Foi assim: O vento cresceu; tiveram que ferrar a vela e apear o mastro. Começou a cavar vaga, abrindo beiçanas de chaga com pús e gangrena nos bordos A abobada do ceu desceu mais e, de negra que era fficou amarela esgazeada. Ouviu-se, a principio ao longe, a restolhada dos trovões. Depois, mais perto, cada vez mais perto, o estalido seco dos coriscos, abrindo clareiras nos ares, logo seguidas do ribombo soturno.

O vento cresceu ainda. Chuva, em cordas grossas, vivas, caia. Alijada a carga, o barco era um ponto negro, longo tempo oculto agora nos desfiladeiros lugubres, presagos das ondas, logo projectado para o alto no dorso sombrio da vaga.

Deveria ser noite já. A tragedia da noite, em que se é mais só e desapercebido, para lutar com a dôr. O barco derivava á tôa. Ele só e a imensidade em combate singular. Dentes cerrados de anciedade, olhos pávidos de terror, dorsos abroquelados ao peso da desgraça, suando, resfolegando, praguejando e rezando — a companha ora esgotava o barco, ora se atirava para um bordo para o equilibrar, ora caia de bruços quando um golpe da vaga empinava ao alto o esquife. E assim esteve horas, na agonia.

Depois, o mar, enraivecido, torvelinhou, comprimiu mais, num abraço de desespero, a fragil presa. Rangeram as taboas, rugiram os homens e, num ultimo arranco, o ponto negro desapareceu na vastidão imensa do mar em furia.

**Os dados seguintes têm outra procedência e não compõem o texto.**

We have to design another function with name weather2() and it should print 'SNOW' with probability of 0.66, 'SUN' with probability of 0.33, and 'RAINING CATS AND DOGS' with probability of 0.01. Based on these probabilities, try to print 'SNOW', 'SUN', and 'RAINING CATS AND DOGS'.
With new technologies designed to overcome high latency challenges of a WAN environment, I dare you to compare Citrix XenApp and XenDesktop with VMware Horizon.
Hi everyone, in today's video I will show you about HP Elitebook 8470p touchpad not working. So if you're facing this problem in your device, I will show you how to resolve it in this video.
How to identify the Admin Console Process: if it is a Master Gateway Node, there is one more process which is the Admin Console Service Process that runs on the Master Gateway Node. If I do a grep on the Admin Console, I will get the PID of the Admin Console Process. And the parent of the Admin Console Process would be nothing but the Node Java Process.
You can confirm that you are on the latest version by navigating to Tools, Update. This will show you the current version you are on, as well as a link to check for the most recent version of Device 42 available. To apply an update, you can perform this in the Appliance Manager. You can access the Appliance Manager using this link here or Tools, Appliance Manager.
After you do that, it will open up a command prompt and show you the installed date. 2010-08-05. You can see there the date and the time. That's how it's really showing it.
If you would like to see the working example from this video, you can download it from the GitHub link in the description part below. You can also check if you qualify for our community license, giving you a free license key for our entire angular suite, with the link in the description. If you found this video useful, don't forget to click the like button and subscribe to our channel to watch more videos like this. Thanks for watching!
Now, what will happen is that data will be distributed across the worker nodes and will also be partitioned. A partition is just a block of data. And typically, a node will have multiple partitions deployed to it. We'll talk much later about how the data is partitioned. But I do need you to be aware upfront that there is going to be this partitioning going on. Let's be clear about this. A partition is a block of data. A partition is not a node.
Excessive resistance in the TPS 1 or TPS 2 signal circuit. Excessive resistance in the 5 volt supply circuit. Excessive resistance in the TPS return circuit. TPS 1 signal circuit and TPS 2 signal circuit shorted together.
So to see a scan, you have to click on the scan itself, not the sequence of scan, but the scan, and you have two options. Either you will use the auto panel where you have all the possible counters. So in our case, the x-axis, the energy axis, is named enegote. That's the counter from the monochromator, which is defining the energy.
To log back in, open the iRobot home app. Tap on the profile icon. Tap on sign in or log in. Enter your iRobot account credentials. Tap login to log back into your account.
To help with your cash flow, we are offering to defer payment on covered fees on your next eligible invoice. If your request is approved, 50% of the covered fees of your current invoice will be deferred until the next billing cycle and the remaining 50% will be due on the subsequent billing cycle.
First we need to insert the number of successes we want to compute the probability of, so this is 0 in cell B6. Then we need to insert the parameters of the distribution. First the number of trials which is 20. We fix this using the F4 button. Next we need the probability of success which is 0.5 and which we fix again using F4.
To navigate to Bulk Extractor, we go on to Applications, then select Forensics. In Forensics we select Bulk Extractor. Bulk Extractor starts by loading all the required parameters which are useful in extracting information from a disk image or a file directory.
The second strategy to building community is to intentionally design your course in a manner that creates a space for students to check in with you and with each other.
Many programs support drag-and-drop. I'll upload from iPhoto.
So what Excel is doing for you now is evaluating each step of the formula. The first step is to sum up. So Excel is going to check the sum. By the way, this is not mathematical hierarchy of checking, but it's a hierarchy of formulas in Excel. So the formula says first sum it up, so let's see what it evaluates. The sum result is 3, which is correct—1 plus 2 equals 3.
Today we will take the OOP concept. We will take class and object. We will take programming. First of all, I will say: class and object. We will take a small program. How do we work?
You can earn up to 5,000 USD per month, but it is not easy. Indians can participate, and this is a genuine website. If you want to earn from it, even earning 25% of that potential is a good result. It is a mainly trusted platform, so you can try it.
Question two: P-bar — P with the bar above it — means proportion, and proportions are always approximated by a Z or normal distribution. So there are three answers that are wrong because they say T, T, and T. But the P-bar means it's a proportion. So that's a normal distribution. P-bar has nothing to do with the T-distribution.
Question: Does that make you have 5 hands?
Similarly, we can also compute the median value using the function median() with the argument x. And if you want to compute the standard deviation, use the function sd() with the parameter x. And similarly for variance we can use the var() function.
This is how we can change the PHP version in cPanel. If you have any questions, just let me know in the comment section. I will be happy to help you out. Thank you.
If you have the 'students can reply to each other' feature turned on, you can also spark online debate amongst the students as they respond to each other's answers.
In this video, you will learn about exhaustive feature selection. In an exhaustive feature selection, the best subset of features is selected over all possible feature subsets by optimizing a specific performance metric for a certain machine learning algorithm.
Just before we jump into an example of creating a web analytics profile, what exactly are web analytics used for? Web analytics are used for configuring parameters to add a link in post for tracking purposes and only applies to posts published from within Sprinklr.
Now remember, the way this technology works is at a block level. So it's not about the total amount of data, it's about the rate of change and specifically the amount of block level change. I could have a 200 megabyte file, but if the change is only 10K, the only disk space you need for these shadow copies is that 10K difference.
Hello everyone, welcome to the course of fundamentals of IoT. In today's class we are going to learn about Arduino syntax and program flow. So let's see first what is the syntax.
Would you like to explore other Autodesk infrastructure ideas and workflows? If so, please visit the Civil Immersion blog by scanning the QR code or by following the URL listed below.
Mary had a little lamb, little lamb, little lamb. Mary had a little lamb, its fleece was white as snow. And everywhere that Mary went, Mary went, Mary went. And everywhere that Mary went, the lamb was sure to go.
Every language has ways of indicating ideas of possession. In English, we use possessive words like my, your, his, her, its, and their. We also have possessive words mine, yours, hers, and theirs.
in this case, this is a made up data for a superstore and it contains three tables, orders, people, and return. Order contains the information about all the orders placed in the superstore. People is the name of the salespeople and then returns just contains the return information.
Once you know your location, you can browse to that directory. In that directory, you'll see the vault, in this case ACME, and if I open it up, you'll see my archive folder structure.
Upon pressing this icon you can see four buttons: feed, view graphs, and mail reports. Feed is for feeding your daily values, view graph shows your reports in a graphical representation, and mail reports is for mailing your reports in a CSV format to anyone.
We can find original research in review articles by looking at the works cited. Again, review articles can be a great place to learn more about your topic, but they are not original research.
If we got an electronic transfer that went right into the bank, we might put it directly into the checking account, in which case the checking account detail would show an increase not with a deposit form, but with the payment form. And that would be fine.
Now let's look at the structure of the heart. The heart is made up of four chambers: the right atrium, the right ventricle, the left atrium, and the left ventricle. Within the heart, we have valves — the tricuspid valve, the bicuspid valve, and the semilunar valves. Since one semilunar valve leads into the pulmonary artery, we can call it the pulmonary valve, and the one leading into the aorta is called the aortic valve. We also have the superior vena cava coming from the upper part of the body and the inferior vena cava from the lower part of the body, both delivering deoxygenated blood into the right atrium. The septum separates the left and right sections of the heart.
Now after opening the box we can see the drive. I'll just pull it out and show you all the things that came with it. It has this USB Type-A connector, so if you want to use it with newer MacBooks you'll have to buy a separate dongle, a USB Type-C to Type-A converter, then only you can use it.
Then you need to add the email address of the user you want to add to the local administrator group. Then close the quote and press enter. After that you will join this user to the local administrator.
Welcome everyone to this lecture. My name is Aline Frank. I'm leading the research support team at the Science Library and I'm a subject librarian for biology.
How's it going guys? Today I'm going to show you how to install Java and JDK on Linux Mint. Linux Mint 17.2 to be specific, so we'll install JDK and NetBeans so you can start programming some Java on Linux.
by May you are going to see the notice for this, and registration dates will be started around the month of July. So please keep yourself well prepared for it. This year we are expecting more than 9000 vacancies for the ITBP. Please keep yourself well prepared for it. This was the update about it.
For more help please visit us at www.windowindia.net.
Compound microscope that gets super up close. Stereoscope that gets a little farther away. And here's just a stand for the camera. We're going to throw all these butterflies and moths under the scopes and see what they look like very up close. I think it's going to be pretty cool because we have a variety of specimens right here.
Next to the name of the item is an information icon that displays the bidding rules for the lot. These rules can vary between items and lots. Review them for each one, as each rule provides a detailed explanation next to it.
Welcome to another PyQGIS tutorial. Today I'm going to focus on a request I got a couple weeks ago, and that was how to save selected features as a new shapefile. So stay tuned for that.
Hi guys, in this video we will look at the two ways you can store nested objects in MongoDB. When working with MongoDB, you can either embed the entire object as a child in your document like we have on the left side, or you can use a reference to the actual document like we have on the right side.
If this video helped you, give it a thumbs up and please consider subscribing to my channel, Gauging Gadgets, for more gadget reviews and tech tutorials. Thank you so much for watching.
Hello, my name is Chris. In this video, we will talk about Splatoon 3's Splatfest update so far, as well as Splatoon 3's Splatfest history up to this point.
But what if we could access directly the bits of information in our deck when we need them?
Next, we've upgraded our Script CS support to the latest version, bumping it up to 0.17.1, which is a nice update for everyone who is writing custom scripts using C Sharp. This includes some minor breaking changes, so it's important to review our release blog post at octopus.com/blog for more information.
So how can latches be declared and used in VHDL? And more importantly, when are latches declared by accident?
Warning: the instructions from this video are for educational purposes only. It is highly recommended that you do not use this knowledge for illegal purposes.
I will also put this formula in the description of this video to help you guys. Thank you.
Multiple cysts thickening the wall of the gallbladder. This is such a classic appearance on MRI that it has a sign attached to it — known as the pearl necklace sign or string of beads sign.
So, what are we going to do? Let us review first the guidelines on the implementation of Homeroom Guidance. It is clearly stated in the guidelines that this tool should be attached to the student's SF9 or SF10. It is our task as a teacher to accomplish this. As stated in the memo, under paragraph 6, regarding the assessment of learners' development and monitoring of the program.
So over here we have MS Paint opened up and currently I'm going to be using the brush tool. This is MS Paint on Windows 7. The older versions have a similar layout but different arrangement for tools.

Na praia, encharcada, mulheres de negro, com os filhos ao colo, gritavam:

— Misericordia!

O heroismo ignorado da brava gente do mar é temperado em beleza; mais — em sacrificio. Mal enxutas as lagrimas de dó pelos que se foram, voltam os pescadores á labuta, ao ganha pão dos seus, á paixão do mar. Face á Dôr e á Morte, são altivos, porque, mais do que quaisquer outros seres humanos — são livres. O mar que lhes dá pão e ensino, gozo para os sentidos e jazida na morte, dá-lhes tambem — nobreza. (1)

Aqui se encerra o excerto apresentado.